It is required that all of the data be written out exactly.

=== Section Start ===

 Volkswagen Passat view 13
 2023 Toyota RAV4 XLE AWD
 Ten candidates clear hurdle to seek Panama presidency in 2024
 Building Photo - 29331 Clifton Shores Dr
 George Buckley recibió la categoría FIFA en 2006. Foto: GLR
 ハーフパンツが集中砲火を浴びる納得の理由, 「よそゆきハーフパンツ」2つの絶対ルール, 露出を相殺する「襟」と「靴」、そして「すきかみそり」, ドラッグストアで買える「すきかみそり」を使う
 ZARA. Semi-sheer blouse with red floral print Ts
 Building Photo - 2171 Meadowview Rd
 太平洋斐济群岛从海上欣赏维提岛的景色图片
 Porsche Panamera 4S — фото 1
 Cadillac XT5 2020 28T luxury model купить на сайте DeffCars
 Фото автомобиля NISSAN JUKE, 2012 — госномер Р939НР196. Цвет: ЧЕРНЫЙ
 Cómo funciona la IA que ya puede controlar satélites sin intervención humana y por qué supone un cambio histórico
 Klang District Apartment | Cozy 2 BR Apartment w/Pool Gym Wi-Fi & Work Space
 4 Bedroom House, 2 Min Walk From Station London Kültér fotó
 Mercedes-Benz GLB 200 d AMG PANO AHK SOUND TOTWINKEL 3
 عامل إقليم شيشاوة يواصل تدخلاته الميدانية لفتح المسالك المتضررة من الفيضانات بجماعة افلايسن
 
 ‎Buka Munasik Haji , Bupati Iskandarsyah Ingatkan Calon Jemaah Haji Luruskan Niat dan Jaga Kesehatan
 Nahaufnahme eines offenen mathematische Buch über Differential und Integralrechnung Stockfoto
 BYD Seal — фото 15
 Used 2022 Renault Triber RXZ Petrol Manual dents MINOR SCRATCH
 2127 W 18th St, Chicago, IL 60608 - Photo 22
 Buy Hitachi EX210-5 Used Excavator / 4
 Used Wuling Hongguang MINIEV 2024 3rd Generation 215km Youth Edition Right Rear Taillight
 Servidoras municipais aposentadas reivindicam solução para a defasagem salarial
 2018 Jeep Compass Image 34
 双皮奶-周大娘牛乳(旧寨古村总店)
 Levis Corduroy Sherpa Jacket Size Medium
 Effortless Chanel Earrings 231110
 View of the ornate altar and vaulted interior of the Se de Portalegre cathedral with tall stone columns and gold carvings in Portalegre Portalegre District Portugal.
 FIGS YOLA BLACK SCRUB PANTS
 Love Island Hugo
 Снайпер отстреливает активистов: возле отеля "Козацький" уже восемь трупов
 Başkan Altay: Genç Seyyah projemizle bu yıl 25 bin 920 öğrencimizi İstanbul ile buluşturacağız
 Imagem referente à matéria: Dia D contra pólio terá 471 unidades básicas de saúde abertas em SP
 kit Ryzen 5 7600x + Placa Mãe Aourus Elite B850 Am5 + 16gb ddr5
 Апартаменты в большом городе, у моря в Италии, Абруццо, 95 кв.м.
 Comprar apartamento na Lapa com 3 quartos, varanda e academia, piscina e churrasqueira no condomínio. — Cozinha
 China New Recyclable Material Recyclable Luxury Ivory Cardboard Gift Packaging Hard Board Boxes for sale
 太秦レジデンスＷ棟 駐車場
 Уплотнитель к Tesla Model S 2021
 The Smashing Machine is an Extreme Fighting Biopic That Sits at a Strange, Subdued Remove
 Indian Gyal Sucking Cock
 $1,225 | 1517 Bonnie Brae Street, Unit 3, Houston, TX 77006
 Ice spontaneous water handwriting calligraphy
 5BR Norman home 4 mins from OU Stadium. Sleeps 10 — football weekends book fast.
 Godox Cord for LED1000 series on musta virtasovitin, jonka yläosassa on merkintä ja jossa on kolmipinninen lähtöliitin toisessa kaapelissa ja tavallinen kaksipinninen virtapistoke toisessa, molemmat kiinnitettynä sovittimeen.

=== Section End ===

→ Task solution:
 Volkswagen Passat view 13
 2023 Toyota RAV4 XLE AWD
 Ten candidates clear hurdle to seek Panama presidency in 2024
 Building Photo - 29331 Clifton Shores Dr
 George Buckley recibió la categoría FIFA en 2006. Foto: GLR
 ハーフパンツが集中砲火を浴びる納得の理由, 「よそゆきハーフパンツ」2つの絶対ルール, 露出を相殺する「襟」と「靴」、そして「すきかみそり」, ドラッグストアで買える「すきかみそり」を使う
 ZARA. Semi-sheer blouse with red floral print Ts
 Building Photo - 2171 Meadowview Rd
 太平洋斐济群岛从海上欣赏维提岛的景色图片
 Porsche Panamera 4S — фото 1
 Cadillac XT5 2020 28T luxury model купить на сайте DeffCars
 Фото автомобиля NISSAN JUKE, 2012 — госномер Р939НР196. Цвет: ЧЕРНЫЙ
 Cómo funciona la IA que ya puede controlar satélites sin intervención humana y por qué supone un cambio histórico
 Klang District Apartment | Cozy 2 BR Apartment w/Pool Gym Wi-Fi & Work Space
 4 Bedroom House, 2 Min Walk From Station London Kültér fotó
 Mercedes-Benz GLB 200 d AMG PANO AHK SOUND TOTWINKEL 3
 عامل إقليم شيشاوة يواصل تدخلاته الميدانية لفتح المسالك المتضررة من الفيضانات بجماعة افلايسن
 
 ‎Buka Munasik Haji , Bupati Iskandarsyah Ingatkan Calon Jemaah Haji Luruskan Niat dan Jaga Kesehatan
 Nahaufnahme eines offenen mathematische Buch über Differential und Integralrechnung Stockfoto
 BYD Seal — фото 15
 Used 2022 Renault Triber RXZ Petrol Manual dents MINOR SCRATCH
 2127 W 18th St, Chicago, IL 60608 - Photo 22
 Buy Hitachi EX210-5 Used Excavator / 4
 Used Wuling Hongguang MINIEV 2024 3rd Generation 215km Youth Edition Right Rear Taillight
 Servidoras municipais aposentadas reivindicam solução para a defasagem salarial
 2018 Jeep Compass Image 34
 双皮奶-周大娘牛乳(旧寨古村总店)
 Levis Corduroy Sherpa Jacket Size Medium
 Effortless Chanel Earrings 231110
 View of the ornate altar and vaulted interior of the Se de Portalegre cathedral with tall stone columns and gold carvings in Portalegre Portalegre District Portugal.
 FIGS YOLA BLACK SCRUB PANTS
 Love Island Hugo
 Снайпер отстреливает активистов: возле отеля "Козацький" уже восемь трупов
 Başkan Altay: Genç Seyyah projemizle bu yıl 25 bin 920 öğrencimizi İstanbul ile buluşturacağız
 Imagem referente à matéria: Dia D contra pólio terá 471 unidades básicas de saúde abertas em SP
 kit Ryzen 5 7600x + Placa Mãe Aourus Elite B850 Am5 + 16gb ddr5
 Апартаменты в большом городе, у моря в Италии, Абруццо, 95 кв.м.
 Comprar apartamento na Lapa com 3 quartos, varanda e academia, piscina e churrasqueira no condomínio. — Cozinha
 China New Recyclable Material Recyclable Luxury Ivory Cardboard Gift Packaging Hard Board Boxes for sale
 太秦レジデンスＷ棟 駐車場
 Уплотнитель к Tesla Model S 2021
 The Smashing Machine is an Extreme Fighting Biopic That Sits at a Strange, Subdued Remove
 Indian Gyal Sucking Cock
 $1,225 | 1517 Bonnie Brae Street, Unit 3, Houston, TX 77006
 Ice spontaneous water handwriting calligraphy
 5BR Norman home 4 mins from OU Stadium. Sleeps 10 — football weekends book fast.
 Godox Cord for LED1000 series on musta virtasovitin, jonka yläosassa on merkintä ja jossa on kolmipinninen lähtöliitin toisessa kaapelissa ja tavallinen kaksipinninen virtapistoke toisessa, molemmat kiinnitettynä sovittimeen.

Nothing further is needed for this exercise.